- Origin: United Kingdom
- Breed status: Extinct

= Dumfriesshire hound =

Dumfriesshire Black and Tan Foxhounds were a pack of foxhounds kennelled at Glenholm Kennels, Kettleholm, near Lockerbie until they were disbanded in 2001. They were established by Sir John Buchanan Jardine, author of Hounds of the World (1937), after the First World War. The hounds are believed to have originally been created by crossing Bloodhound/Grand Bleu de Gascogne/English Foxhound. They were larger than standard foxhounds and were black and tan. There is a pack descended from them in France, known as Equipage de la Roirie, and they are used also by the Equipage Pique Avant Nivernais as staghounds, along with the Français Blanc et Noir hound.

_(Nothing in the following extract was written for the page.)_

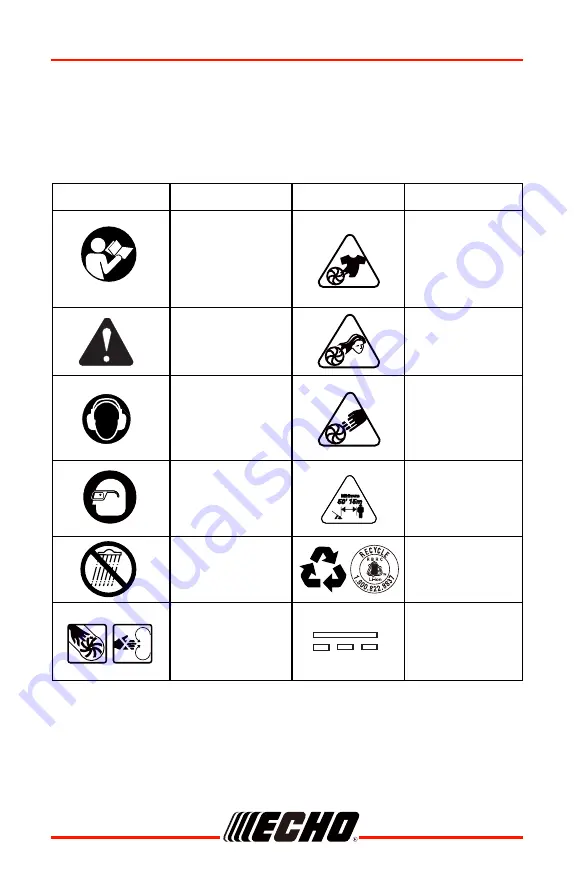 Echo DPB-2500 Operator'S Manual Download Page 6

These large hounds were also crossed with the Dumfriesshire otterhounds during the foundation of the Otterhound pack. Since the Second World War, the Dumfriesshire hound has been used to improve speed and agility in several clean boot hunting bloodhound packs; as one example, Eric Furness introduced Dumfriesshire hound blood into his Peak bloodhounds.

Dumfriesshire hounds starred as bloodhounds in The Thirty Nine Steps with Robert Powell, which was partly filmed in the Kettleholm area.